During the data visualization and exploration phase, I observed that some entries in the dataset are unrealistic or erroneous:

 - Some cars had a manufacture_year before 1886, which is impossible since the first automobile was invented in 1886.

 - Other cars were listed with a manufacture_year after 2025, which is also invalid because 2025 represents the current or near-future year.

 - Regarding price_eur, some entries had prices lower than €500. Based on real-world data and common sense, even the cheapest cars are rarely priced below this value.

 - Additionally, from external research (Google) and from the visualization plots, the maximum realistic car price seems to be around €30,000,000.

To correct these issues and remove outliers that could negatively impact model training, I applied the following filters:

In [371]:
df = df[(df['manufacture_year'] >= 1886) & (df['manufacture_year'] <= 2025)]
df = df[(df['price_eur'] >= 500) & (df['manufacture_year'] <= 30_000_000)]

In [372]:
null_percentage = df.isnull().mean() * 100
null_percentage

maker                  13.833409
model                  31.492740
mileage                 6.789449
manufacture_year        0.000000
engine_displacement    18.451950
engine_power           12.569992
body_type              33.372827
color_slug             93.387076
stk_year               84.371361
transmission           18.221410
door_count             27.397861
seat_count             32.585641
fuel_type              51.764050
date_created            0.000000
date_last_seen          0.000000
price_eur               0.000000
dtype: float64

The columns stk_year and color_slug had high missing rates (84% and 93%, respectively) and were not critical for predicting car prices.
Imputing these values introduced noise, dropping the model’s R² score from 0.82 to 0.60.
Therefore, I removed them to improve model performance and data quality.

In [373]:
df = df.drop('stk_year',axis=1)
df = df.drop('color_slug',axis=1)

I processed the date_created and date_last_seen columns to help the model better understand the car's listing activity over time.
Instead of keeping two separate date columns, I created a single feature (days_since_created) that captures the time difference, making it easier for the model to learn from it.

In [374]:
df['date_created'] = pd.to_datetime(df['date_created'], errors='coerce')
df['date_last_seen'] = pd.to_datetime(df['date_last_seen'], errors='coerce')
df = df.dropna(subset=['date_created', 'date_last_seen'], how='all')

df['days_since_created'] = (df['date_last_seen'] - df['date_created']).dt.days
df.drop(['date_created', 'date_last_seen'], axis=1, inplace=True)

I separated the numerical and categorical columns to ensure proper preprocessing for each type of data.
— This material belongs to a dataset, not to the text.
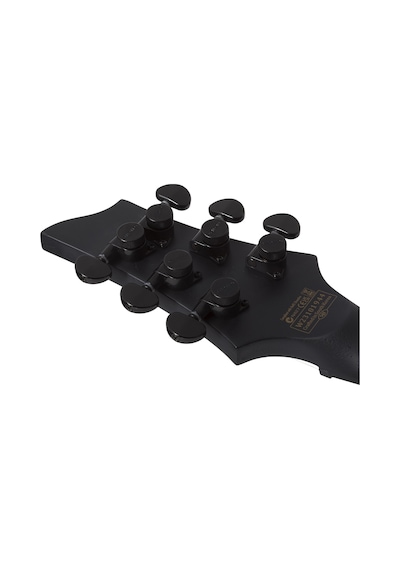 Schecter Pt Black Ops Elektro Gitar Satin Black Open Pore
Categorical columns require encoding because machine learning algorithms cannot directly work with text data.
On the other hand, numerical columns  need scaling. Scaling ensures that all numerical features are on a similar scale, preventing any one feature from dominating due to differences in their value ranges.

In [375]:
categorical_cols = ['maker', 'model', 'body_type', 'transmission', 'fuel_type']
numerical_cols = ['mileage', 'manufacture_year', 'engine_displacement', 
                  'engine_power', 'door_count', 'seat_count',
                  'days_since_created' ]

I decided to use IterativeImputer for imputing missing values in the dataset because it is the most optimal imputation method for this case.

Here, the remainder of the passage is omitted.